Provide nesting niches. Plant your yard with multiple layers of plants (trees, shrubs, and ground thickets) to attract a variety of nesting birds. Twigs and fine material are used by many bird species from hummingbirds to crows to make a well-hidden cup nest. If there is a source of mud and insects, black phoebes and cliff swallows may make a mud nest on the side of houses. Wood-peckers and bluebirds may use wooden nest boxes. Consider leaving old trees (snags) as a cavity home for wildlife.
Keep feeders and water baths clean. Regular cleaning will prevent spread of disease-causing organisms.
We suggest these locally native plants that provide nectar, berries, seeds, and/or insects for resident and migratory birds.
• Bladderpod (Peritoma)
• Buckwheats (Eriogonum) such as California buckwheat, ashy-leaf buckwheat, and red buckwheat
• California fuchsia (Epilobium)
• California lilacs (Ceanothus) such as green-bark lilac, whitebark (whitethorn) lilac, and woollyleaf lilac
• Bush sunflowers (Encelia)
• Currants and gooseberries (Ribes)
• Live-forevers (Dudleya) such as lance-leaved live-forever, chalk live-forever, and Laguna Beach live-forever
• Elderberry (Sambucus)
• Hooker’s evening primrose (Oenothera)
• Island bush snapdragons (Gambelia)
• Lemonade berry (Rhus)
• Mallows (Malacothamnus and Sphaeralcea) such as San Clemente Island bush mallow, Fremont bush mallow, and apricot mallow
• Manzanitas (Arctostaphylos)
• Beardtongues (Penstemon and Keckiella) such as showy penstemon, foothill penstemon and scarlet bugler
• Sages (Salvia) such as black sage, hummingbird sage, and white sage • Toyon (Heteromeles)
• Yarrows (Achillea and Eriophyllum)
Use these resources to learn more about birds in your yard, how to protect them, and how to create a bird-friendly garden.
• Sea and Sage Audubon Society. Join us for a nature walk and visit our 6,600 sq.ft. pollinators’ garden for humming-birds and bees at the San Joaquin Wildlife Sanctuary in Irvine (entrance off Campus Drive). See website.
• Cornell Lab of Ornithology. Online bird field guide and science-based articles about how to protect birds at allaboutbirds.org
• California Native Plant Society. Excellent native plant information for gardening at calscape.org and Orange County chapter of CNPS at occnps.org.

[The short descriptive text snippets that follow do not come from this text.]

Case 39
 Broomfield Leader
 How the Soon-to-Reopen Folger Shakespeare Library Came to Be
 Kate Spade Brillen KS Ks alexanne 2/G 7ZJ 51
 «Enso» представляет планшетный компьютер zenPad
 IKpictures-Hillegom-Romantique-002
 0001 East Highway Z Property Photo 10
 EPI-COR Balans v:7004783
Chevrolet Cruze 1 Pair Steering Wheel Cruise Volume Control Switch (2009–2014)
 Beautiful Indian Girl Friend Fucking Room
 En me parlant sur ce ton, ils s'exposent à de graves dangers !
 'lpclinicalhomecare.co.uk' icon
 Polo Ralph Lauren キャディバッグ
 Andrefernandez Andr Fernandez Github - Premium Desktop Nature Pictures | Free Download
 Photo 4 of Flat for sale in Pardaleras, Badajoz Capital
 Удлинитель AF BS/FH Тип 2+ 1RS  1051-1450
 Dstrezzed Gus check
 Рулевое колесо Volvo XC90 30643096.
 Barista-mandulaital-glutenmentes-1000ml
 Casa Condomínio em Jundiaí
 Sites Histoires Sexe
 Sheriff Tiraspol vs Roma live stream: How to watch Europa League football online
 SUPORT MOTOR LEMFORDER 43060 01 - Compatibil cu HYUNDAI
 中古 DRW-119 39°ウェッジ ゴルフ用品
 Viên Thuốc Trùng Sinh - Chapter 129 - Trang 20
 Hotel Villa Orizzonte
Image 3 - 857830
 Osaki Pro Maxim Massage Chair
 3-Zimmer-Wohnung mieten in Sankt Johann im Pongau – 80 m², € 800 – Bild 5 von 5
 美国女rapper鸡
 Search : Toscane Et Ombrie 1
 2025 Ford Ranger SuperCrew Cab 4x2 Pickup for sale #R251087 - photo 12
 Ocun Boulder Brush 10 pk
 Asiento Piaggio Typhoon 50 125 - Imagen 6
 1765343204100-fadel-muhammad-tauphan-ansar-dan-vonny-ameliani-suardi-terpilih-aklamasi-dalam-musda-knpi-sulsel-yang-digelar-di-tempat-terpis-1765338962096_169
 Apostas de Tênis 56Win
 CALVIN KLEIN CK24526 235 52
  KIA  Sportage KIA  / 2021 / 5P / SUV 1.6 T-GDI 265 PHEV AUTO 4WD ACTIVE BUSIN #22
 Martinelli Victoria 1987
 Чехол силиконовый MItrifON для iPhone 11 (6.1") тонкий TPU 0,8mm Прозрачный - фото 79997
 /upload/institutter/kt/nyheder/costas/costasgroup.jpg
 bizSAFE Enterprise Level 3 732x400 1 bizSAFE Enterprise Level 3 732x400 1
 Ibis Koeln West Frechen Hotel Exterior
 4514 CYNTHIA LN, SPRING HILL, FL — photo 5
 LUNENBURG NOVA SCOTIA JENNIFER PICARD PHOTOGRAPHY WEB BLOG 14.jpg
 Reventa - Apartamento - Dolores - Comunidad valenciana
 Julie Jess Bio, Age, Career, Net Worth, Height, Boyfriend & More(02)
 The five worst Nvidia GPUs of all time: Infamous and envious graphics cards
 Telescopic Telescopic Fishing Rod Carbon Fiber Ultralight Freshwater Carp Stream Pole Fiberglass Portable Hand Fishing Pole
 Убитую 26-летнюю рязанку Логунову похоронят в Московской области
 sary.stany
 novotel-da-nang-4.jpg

• Tree of Life Nursery. Local source of native plants, planting advice, and free Saturday morning workshops in San Juan Capistrano. Go to californianativeplants.com.
Important: All North American native birds including their nests, eggs, feathers, and other parts are protected by federal law and cannot be harmed in any way (Migratory Bird Treaty Act 1918.)
Prepared by Trude Hurd, Project Director of Education, Sea and Sage Audubon, March 2018.